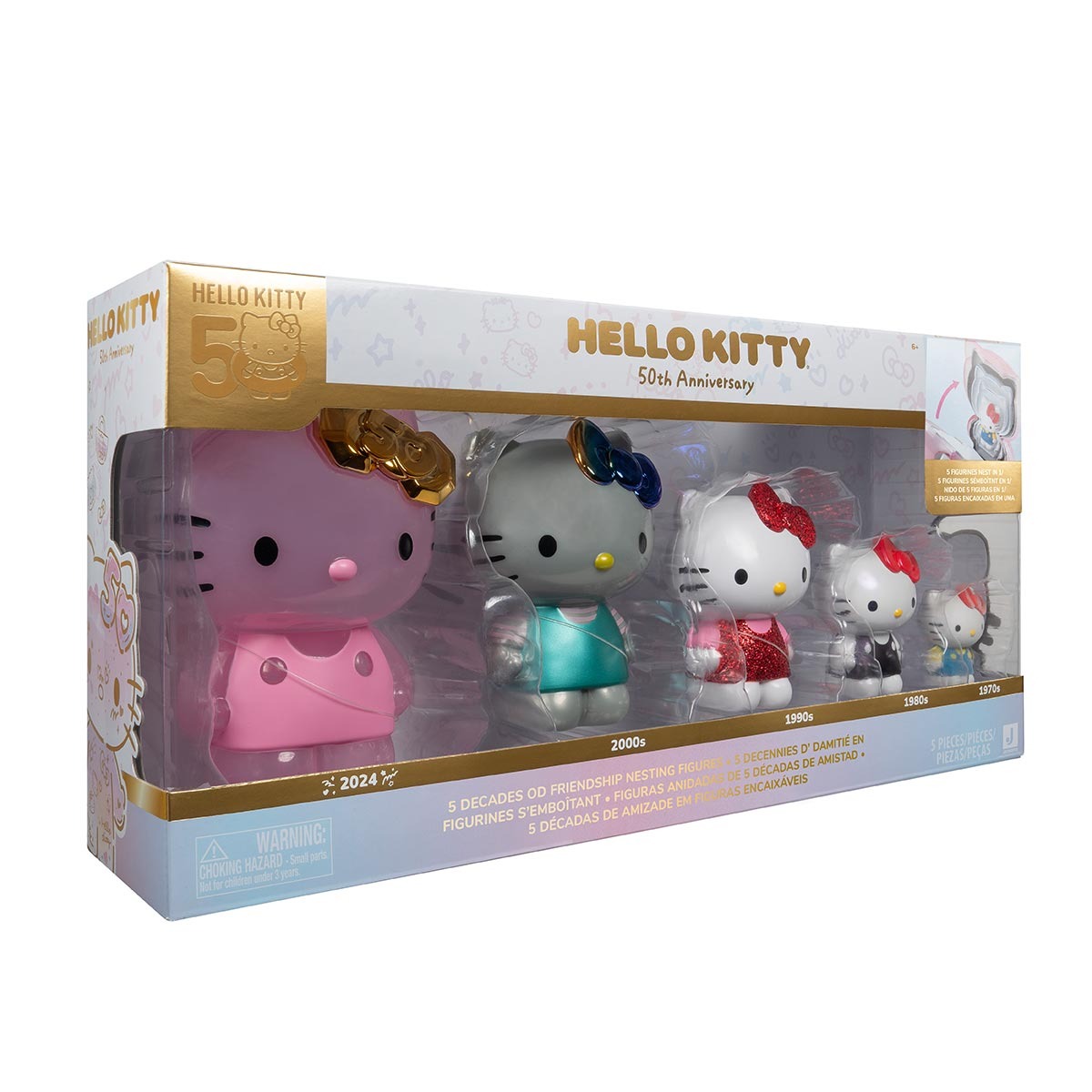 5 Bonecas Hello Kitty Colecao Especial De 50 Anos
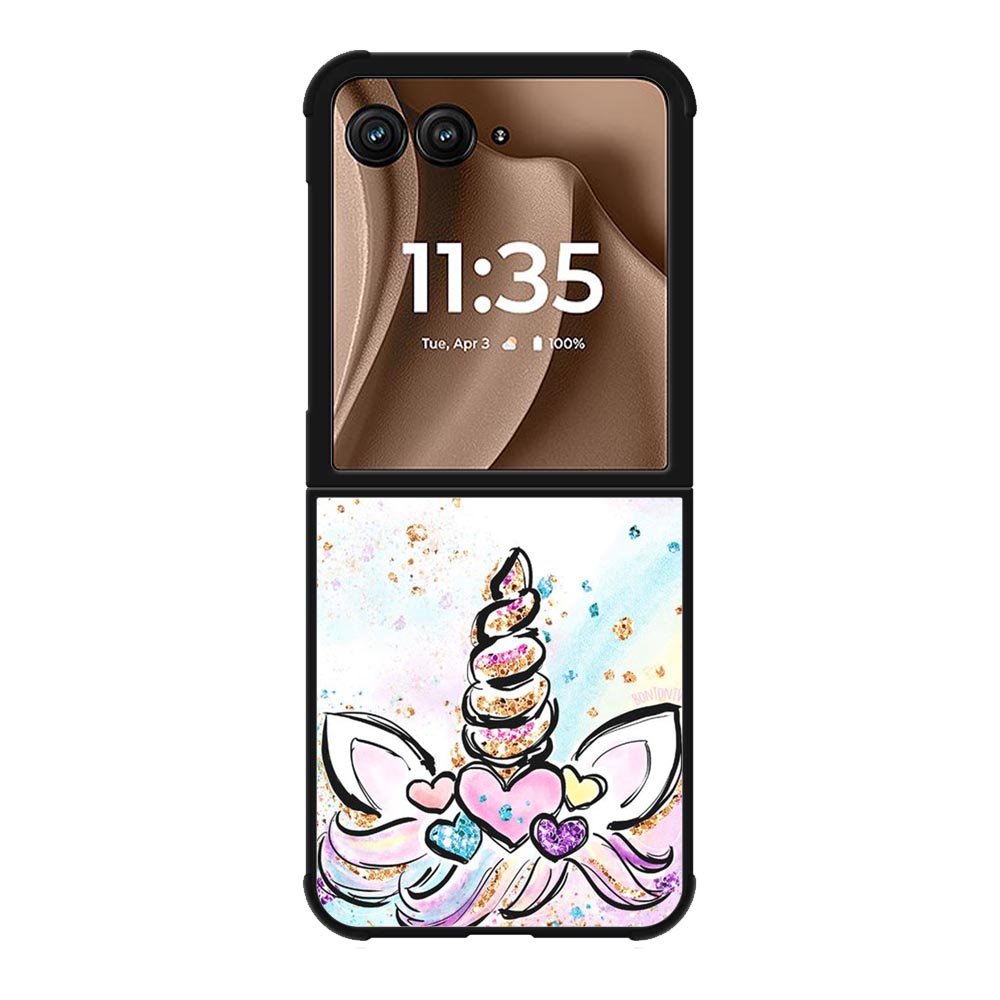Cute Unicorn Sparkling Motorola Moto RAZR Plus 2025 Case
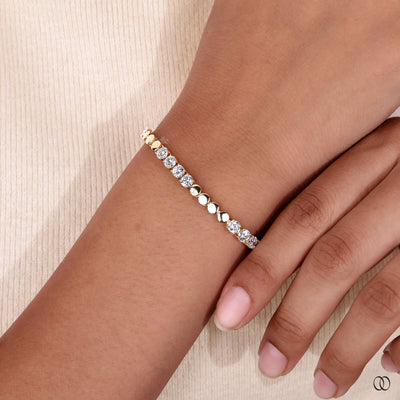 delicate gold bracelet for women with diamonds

+---+

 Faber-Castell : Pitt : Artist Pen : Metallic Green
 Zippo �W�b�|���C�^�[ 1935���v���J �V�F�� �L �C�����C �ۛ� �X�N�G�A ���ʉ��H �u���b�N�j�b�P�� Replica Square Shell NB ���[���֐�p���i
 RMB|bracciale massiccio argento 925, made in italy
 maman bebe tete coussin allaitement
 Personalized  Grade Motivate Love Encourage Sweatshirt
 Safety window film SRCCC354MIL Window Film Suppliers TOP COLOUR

+---+

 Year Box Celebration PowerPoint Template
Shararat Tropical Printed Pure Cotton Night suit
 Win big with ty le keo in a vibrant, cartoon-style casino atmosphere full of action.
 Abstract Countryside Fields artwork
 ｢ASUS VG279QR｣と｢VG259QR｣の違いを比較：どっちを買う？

+---+

Exercise instructions: Among the entries above, copy exactly the stretch from the line holding "5 Bonecas Hello" through the line holding "delicate gold bracelet", leaving out any pictures.

Answer box:
 5 Bonecas Hello Kitty Colecao Especial De 50 Anos
Cute Unicorn Sparkling Motorola Moto RAZR Plus 2025 Case
 delicate gold bracelet for women with diamonds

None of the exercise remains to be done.